As stated in scipy lecture notes, this will not work as expected:
a = np.random.randint(0, 10, (1000, 1000))
a += a.T
assert np.allclose(a, a.T)
But why? How does being a view affect this behavior?
The Python "ModuleNotFoundError: No module named 'numpy'" occurs when we forget to install the numpy module before importing it or install it in an incorrect environment. To solve the error, install the module by running the pip install numpy command.
The elements of a NumPy array, or simply an array, are usually numbers, but can also be boolians, strings, or other objects.
a += a.T
does in-place summing up (it's using view a.T while processing), so you end up with a non-symmetric matrix you can easily check this, i.e.

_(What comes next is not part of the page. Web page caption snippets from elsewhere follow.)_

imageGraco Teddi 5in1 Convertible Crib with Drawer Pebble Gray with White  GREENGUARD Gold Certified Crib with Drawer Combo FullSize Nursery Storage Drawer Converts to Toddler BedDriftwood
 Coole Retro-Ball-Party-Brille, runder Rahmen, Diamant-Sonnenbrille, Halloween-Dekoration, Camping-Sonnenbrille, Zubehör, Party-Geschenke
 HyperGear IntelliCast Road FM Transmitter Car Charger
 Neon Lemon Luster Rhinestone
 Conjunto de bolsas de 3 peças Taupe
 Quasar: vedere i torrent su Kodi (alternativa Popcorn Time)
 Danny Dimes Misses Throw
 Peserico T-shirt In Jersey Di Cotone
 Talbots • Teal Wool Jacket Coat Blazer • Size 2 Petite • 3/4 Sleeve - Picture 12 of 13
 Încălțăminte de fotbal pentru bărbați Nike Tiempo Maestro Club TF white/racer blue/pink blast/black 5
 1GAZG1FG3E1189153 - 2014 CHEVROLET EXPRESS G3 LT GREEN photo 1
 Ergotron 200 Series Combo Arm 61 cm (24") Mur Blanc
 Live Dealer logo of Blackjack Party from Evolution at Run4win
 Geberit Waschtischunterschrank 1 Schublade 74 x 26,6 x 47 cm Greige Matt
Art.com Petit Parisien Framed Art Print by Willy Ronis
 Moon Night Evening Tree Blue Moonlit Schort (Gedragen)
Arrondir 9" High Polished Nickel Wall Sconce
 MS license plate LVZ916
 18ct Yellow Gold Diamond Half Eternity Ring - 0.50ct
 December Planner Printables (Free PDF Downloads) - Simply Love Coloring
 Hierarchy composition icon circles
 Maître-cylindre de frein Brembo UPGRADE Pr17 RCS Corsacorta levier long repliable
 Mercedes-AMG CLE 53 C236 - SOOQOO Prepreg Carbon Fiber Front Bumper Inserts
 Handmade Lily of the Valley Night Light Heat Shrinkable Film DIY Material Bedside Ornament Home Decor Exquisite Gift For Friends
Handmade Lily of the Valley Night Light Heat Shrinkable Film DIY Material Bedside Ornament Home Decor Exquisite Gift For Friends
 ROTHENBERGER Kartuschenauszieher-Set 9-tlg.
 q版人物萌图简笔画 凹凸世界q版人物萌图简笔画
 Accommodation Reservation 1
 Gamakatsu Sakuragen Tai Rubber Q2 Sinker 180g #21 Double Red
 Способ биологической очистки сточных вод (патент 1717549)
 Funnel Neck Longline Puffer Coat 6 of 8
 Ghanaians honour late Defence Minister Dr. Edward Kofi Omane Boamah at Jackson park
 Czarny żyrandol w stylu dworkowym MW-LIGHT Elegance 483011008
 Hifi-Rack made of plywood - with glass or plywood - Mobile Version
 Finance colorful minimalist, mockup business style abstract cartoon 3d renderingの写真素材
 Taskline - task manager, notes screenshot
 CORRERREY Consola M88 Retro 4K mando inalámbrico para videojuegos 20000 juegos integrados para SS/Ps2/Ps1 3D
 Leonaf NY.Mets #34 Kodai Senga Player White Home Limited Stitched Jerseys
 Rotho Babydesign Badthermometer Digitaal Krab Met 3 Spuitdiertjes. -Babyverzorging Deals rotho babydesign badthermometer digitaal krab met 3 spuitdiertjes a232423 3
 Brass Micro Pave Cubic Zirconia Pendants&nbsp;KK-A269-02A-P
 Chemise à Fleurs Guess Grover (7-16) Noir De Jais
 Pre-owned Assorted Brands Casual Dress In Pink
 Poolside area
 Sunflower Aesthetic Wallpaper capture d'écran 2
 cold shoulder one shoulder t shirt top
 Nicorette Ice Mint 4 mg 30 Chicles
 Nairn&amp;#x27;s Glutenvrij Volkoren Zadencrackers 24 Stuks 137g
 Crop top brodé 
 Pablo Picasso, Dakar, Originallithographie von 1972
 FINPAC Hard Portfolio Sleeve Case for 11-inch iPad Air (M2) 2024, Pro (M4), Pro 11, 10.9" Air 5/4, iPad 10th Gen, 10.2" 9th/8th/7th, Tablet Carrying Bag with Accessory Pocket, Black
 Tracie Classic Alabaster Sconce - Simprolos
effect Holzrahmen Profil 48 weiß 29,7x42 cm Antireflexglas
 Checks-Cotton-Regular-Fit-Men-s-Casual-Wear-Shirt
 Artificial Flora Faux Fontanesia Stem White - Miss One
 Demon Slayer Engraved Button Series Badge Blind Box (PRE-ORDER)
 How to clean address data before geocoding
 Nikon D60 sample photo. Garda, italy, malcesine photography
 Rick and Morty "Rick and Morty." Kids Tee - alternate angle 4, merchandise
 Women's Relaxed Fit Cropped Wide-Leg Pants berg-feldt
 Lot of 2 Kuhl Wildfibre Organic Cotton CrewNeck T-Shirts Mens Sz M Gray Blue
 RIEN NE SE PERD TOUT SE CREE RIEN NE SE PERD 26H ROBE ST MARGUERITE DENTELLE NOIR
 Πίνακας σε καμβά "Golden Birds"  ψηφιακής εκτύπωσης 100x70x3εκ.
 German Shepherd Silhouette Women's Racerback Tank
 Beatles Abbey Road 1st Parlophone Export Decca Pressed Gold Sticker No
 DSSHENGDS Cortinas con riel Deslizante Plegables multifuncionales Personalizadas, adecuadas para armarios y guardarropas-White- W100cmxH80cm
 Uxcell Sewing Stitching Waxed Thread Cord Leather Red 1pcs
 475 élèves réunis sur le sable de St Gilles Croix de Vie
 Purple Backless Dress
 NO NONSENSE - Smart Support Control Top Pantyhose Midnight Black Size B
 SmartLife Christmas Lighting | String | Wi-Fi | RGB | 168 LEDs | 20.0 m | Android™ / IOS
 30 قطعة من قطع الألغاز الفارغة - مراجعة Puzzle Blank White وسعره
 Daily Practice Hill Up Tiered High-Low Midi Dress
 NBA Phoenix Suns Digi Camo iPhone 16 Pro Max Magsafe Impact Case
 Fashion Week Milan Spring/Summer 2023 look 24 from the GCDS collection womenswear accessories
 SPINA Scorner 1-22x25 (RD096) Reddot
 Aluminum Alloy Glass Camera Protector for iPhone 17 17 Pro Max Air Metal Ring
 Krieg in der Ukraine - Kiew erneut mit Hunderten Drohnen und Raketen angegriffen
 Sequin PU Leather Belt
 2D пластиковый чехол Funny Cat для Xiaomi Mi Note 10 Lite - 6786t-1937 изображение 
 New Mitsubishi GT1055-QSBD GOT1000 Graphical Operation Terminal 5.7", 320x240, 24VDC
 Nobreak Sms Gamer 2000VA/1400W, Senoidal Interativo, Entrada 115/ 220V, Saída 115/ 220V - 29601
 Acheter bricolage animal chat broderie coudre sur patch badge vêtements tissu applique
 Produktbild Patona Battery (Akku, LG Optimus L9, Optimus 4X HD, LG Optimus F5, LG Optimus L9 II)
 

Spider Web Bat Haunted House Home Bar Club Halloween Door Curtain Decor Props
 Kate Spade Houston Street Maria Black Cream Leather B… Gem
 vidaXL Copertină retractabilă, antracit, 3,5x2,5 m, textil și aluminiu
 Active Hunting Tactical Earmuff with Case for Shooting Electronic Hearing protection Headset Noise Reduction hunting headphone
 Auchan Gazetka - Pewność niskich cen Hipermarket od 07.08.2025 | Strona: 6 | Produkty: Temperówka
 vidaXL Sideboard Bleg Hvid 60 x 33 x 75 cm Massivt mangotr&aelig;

I got:
In [3]: a
Out[3]:
array([[ 6, 15, 7, ..., 8, 9, 2],
[15, 6, 9, ..., 14, 9, 7],
[ 7, 9, 0, ..., 9, 5, 8],
...,
[ 8, 23, 15, ..., 6, 4, 10],
[18, 13, 8, ..., 4, 2, 6],
[ 3, 9, 9, ..., 16, 8, 4]])
You can see it's not symmetric, right? (compare right-top and left-bottom items)
if you do a real copy:
a += np.array(a.T)
it works fine, i.e.:
In [6]: a
Out[6]:
array([[ 2, 11, 8, ..., 9, 15, 5],
[11, 4, 14, ..., 10, 3, 13],
[ 8, 14, 14, ..., 10, 9, 3],
...,
[ 9, 10, 10, ..., 16, 7, 6],
[15, 3, 9, ..., 7, 14, 1],
[ 5, 13, 3, ..., 6, 1, 2]])
To better understand why it does so, you can imagine you wrote the loop yourself as following:
In [8]: for i in xrange(1000):
for j in xrange(1000):
a[j,i] += a[i,j]
....:
In [9]: a
Out[9]:
array([[ 4, 5, 14, ..., 12, 16, 13],
[ 3, 2, 16, ..., 16, 8, 8],
[ 9, 12, 10, ..., 7, 7, 23],
...,
[ 8, 10, 6, ..., 14, 13, 23],
[10, 4, 6, ..., 9, 16, 21],
[11, 8, 14, ..., 16, 12, 12]])
It adds a[999,0] to calculate a[0,999] but a[999,0] already has sum of a[999,0] + a[0,999] -- so below the main diagonal you add the values twice.